N. H. : Lorsqu’on a commencé à parler du projet, un syndicat de transporteurs a alerté les élus sur le fait que tous les acteurs de la filière n’avaient pas été pris en compte. On aurait dû réfléchir ensemble, en toute intelligence, avec l’ensemble des professionnels. Mais personne ne nous a appelés. Construire un réseau de bus, c’est choisir les moteurs, aménager les parkings… On va créer Caribus sans même savoir où garer les véhicules, sans même avoir de mécaniciens. Tous les petits garages qu’on avait à Mayotte ont aujourd’hui disparu, pendant que l’usure des véhicules est ici deux fois plus importante qu’en métropole en termes de fréquence des renouvellements.
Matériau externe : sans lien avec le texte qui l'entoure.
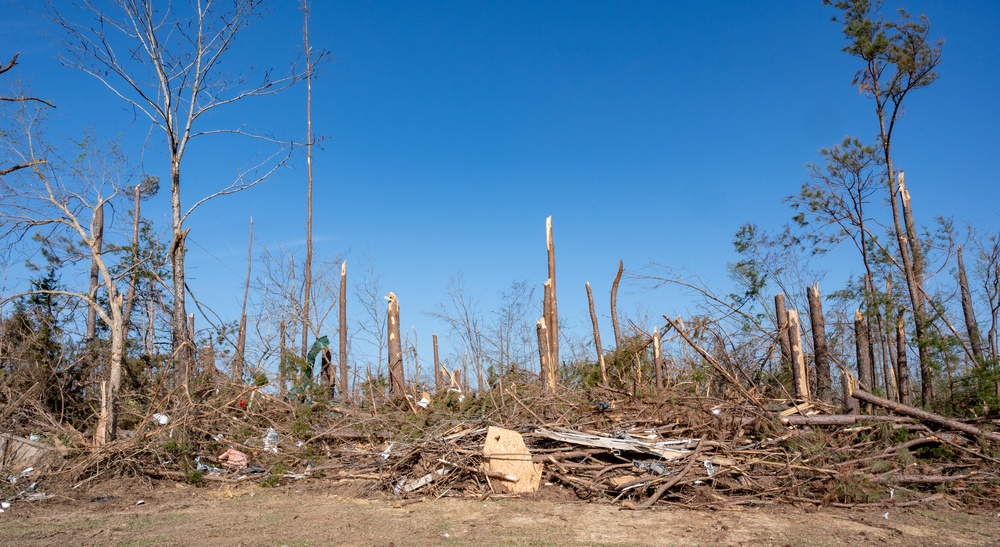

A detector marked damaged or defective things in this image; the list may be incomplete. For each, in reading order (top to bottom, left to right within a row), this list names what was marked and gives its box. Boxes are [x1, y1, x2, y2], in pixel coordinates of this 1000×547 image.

splintered wood [482, 426, 544, 494]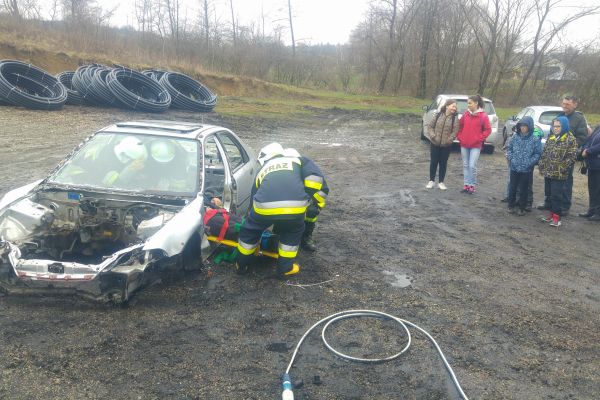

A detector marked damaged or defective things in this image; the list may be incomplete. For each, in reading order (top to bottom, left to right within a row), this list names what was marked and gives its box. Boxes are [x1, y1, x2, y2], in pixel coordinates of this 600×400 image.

broken windshield [49, 132, 199, 196]
damaged silver car [0, 121, 255, 304]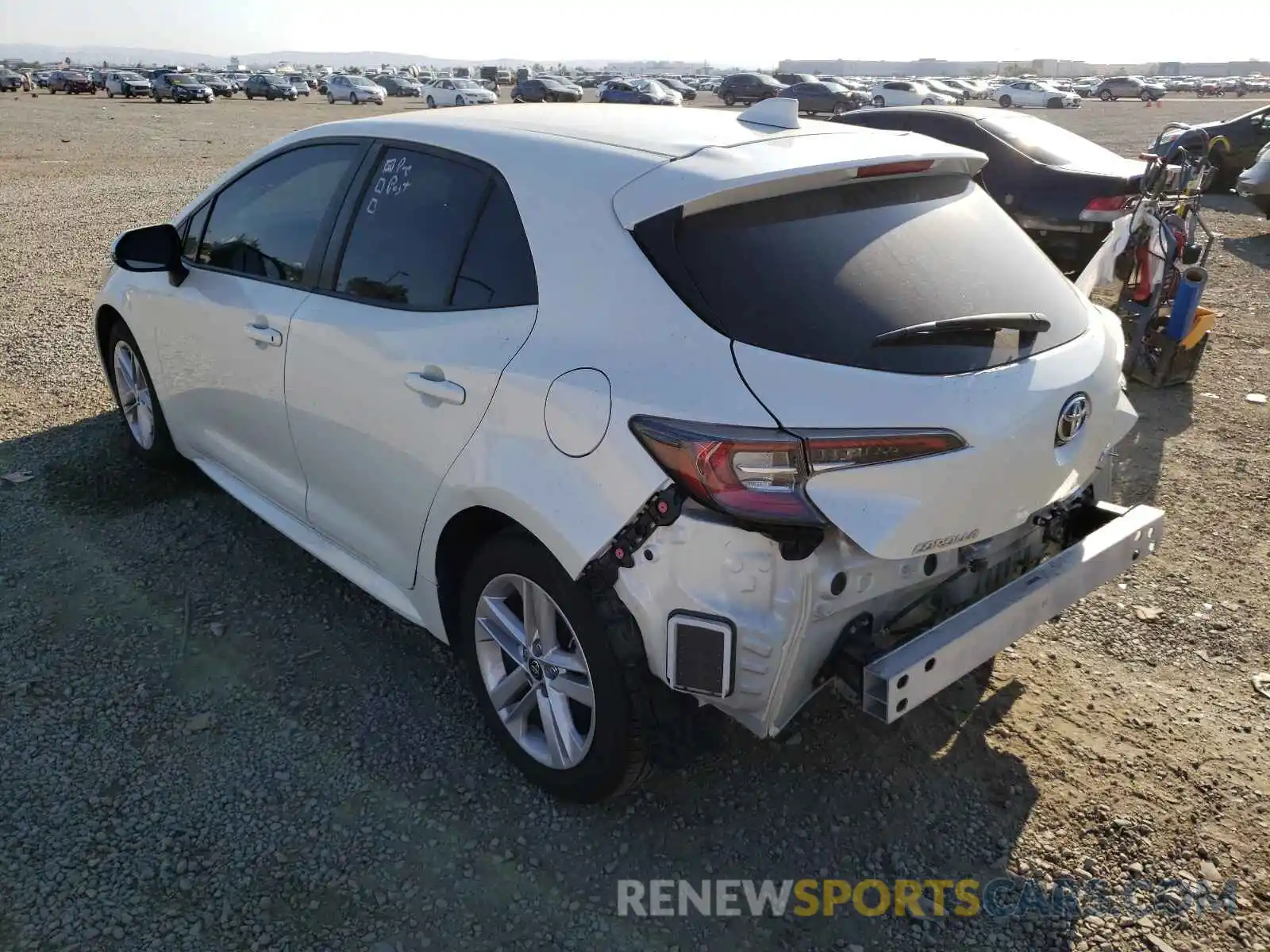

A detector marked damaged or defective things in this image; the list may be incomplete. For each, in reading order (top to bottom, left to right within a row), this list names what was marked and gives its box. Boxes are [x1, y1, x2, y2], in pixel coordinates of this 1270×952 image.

damaged rear bumper area [602, 495, 1163, 741]
exposed rear bumper beam [864, 508, 1163, 720]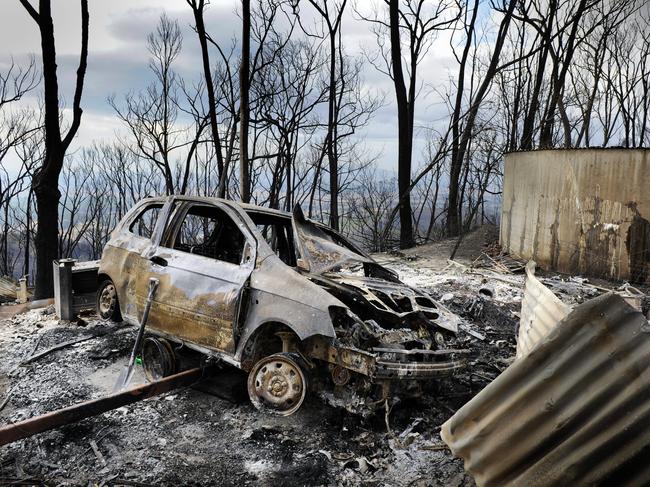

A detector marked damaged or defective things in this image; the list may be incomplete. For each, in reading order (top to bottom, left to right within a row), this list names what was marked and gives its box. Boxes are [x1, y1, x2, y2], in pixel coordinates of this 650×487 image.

rusted metal beam [0, 368, 202, 448]
burnt car [96, 194, 466, 416]
rusted corrugated iron [516, 264, 568, 358]
rusted corrugated iron [438, 294, 648, 487]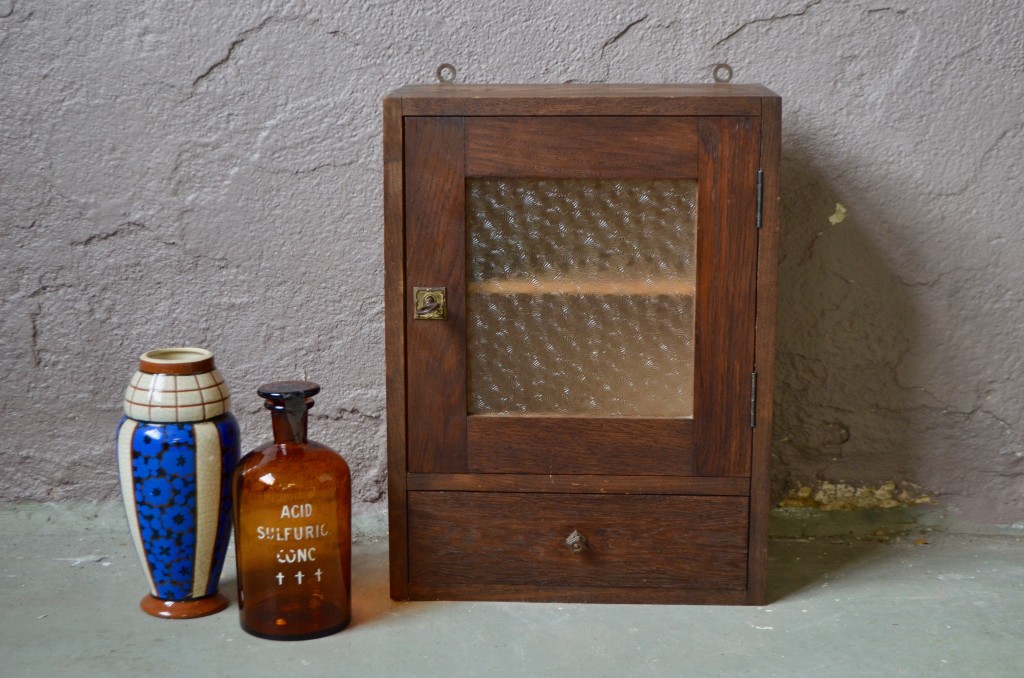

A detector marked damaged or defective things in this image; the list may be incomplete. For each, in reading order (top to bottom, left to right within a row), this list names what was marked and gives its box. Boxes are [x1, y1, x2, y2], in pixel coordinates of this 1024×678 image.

crack in wall [716, 0, 827, 47]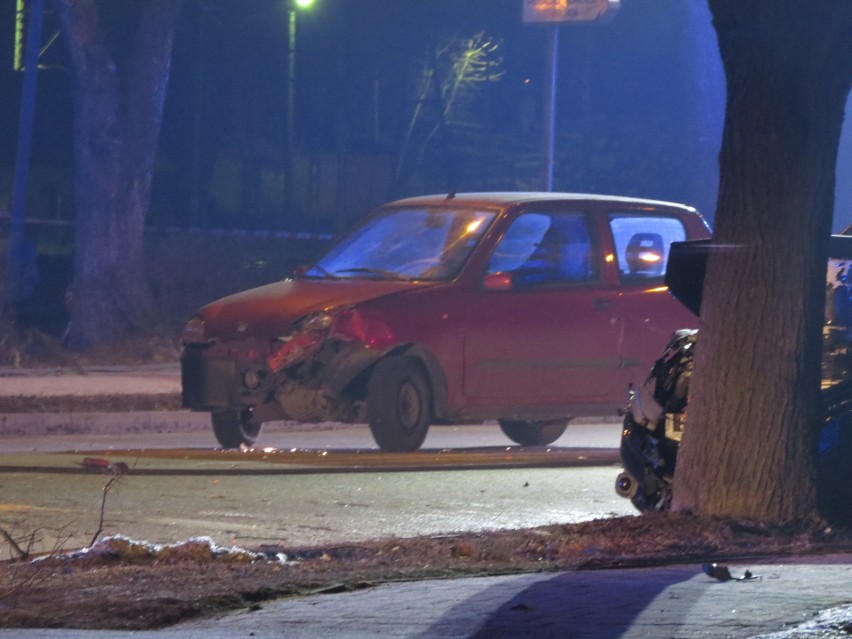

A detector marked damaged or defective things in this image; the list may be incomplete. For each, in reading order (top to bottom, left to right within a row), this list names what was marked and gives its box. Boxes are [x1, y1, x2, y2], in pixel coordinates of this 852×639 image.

crumpled front end [181, 306, 400, 424]
damaged red car [181, 192, 712, 452]
crashed motorcycle [616, 240, 852, 516]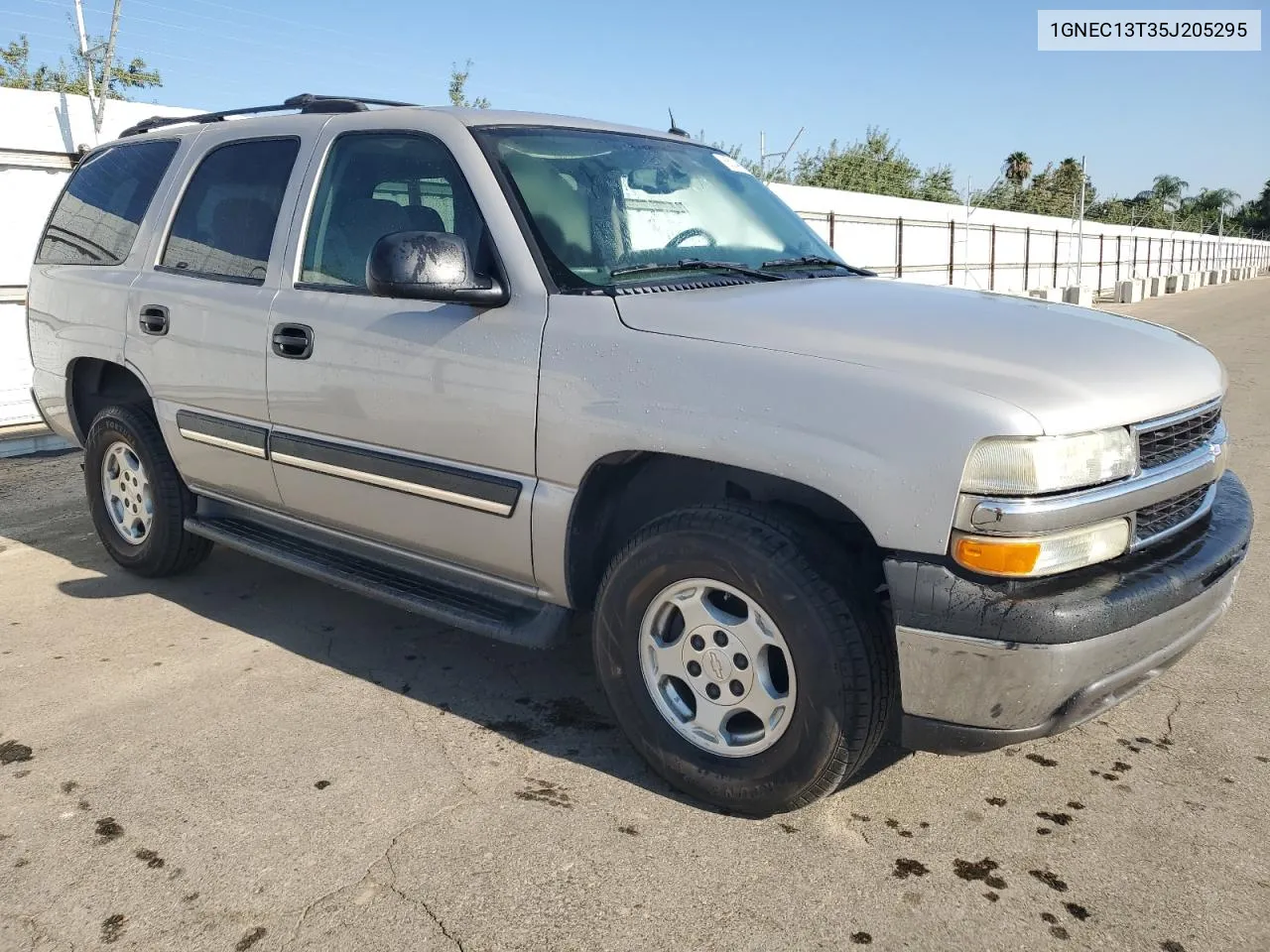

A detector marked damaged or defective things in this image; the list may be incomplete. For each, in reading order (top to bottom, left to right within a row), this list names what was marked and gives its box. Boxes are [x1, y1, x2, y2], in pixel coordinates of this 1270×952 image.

cracked pavement [2, 275, 1270, 952]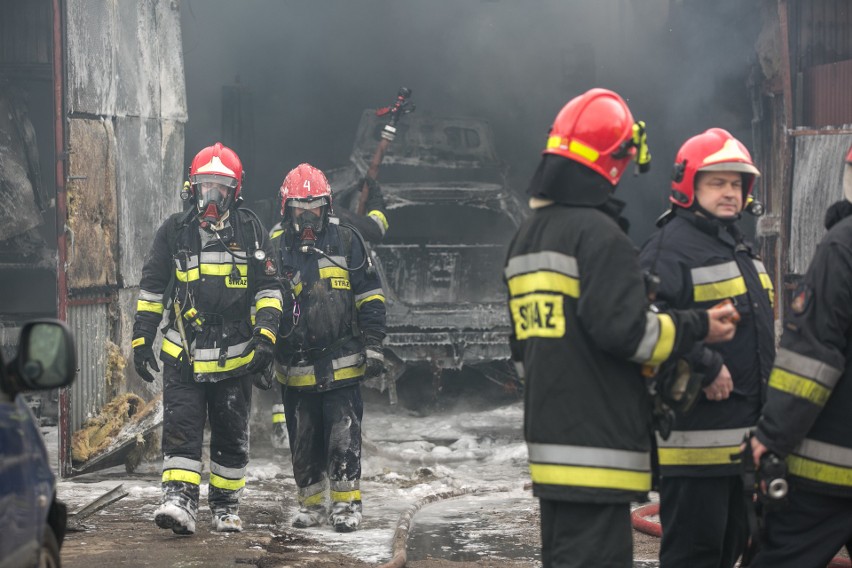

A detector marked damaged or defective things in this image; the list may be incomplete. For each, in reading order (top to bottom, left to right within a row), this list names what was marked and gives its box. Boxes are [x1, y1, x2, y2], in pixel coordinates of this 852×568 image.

damaged wall panel [67, 118, 117, 288]
rusted metal sheet [67, 118, 117, 290]
burnt vehicle [328, 110, 524, 404]
damaged wall panel [784, 133, 852, 276]
rusted metal sheet [784, 134, 852, 276]
rusted metal sheet [66, 304, 110, 428]
wheel of burnt vehicle [38, 524, 61, 568]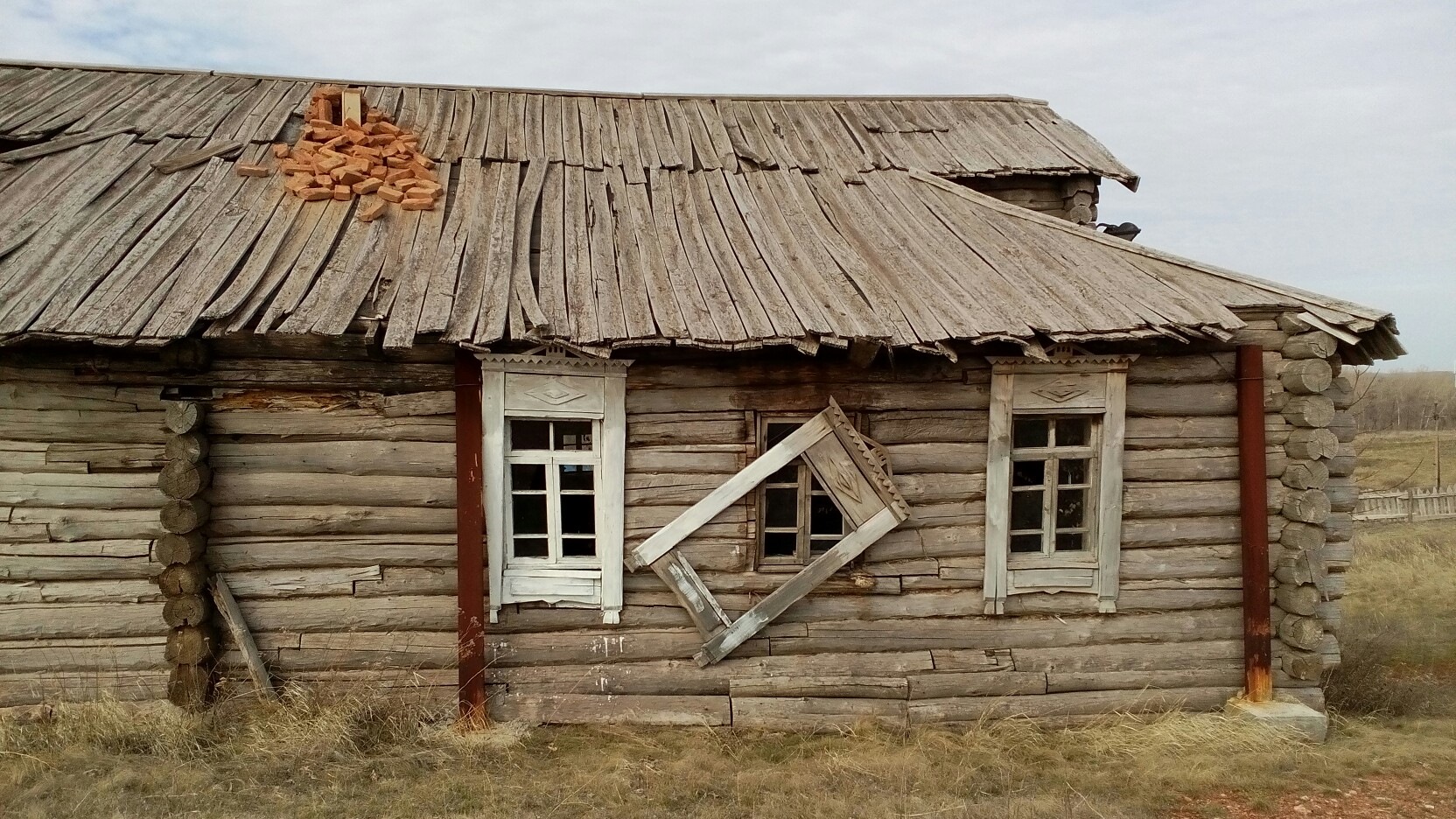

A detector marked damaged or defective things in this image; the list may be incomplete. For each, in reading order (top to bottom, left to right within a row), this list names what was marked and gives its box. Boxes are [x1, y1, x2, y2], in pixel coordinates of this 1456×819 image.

rusted red support post [455, 348, 490, 721]
rusted red support post [1239, 343, 1274, 700]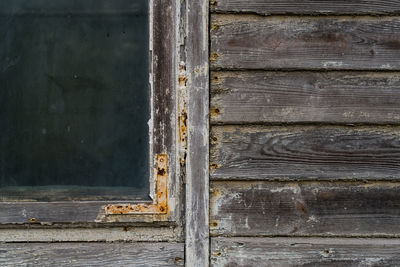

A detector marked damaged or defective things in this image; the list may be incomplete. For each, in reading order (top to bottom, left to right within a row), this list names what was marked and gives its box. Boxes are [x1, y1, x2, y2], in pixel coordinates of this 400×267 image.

corroded metal bracket [104, 155, 167, 216]
rusty metal hinge [104, 155, 167, 216]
Il aurait fallu développer ces garages qui sont tous en train de fermer, mais avec les problèmes de foncier, on n’en incite pas d’autres à se réinstaller. Résultat, on n’a presque plus que des grands groupes et les Mahorais sont en train de disparaître de la filière.
FI : L’entreprise Matis, chargée d’assurer le transport scolaire à travers toute l’île, travaille pourtant avec des chauffeurs mahorais…
N. H. : Certes, Matis fait travailler les Mahorais, parce qu’on lui donne les financements pour, mais il reste un groupe réunionnais et il n’apporte pas de valeur sociale au territoire. Est-ce que vous avez regardé ce que gagnent les chauffeurs de Matis ? ? Ils sont très mal payés, et la plupart des bus qu’ils ont ont été importés depuis La Réunion, ils n’achètent pas à Mayotte. Quand ils renouvellent leur parc, ils ne font pas travailler les locaux. Dans ce contexte, comment organiser la filière de manière globale ? On doit concevoir un développement harmonieux en intégrant tout le monde : les petits vendeurs de pneus, les mécaniciens, les chauffeurs, etc. On développe des projets certes, mais pour moi on ne le fait pas de la bonne façon. Les bus qu’on a ici ne sont même pas adaptés à Mayotte, ils sont beaucoup trop grands pour nos routes et je l’ai toujours dit, même lorsque j’étais importateur et qu’on a imposé des bus de 14 ou 15 mètres. Autant prendre deux ou trois petits bus, moins encombrants, et recruter plus de chauffeurs. En termes d’investissements cela ne coûterait pas plus cher.